**What you will do:**
Write only how many lines in this data include "with".
# # # # #
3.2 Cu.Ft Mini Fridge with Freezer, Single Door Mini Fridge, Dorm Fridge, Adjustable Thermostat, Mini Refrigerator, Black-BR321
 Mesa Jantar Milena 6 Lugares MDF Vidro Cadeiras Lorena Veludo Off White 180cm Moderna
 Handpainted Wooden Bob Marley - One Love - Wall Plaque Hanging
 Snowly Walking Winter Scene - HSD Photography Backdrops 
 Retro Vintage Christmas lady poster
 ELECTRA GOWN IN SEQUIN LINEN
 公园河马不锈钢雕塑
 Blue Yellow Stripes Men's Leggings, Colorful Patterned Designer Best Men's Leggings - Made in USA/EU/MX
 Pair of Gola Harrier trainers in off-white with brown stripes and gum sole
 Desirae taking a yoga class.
# # # # #
**Written solution:**
2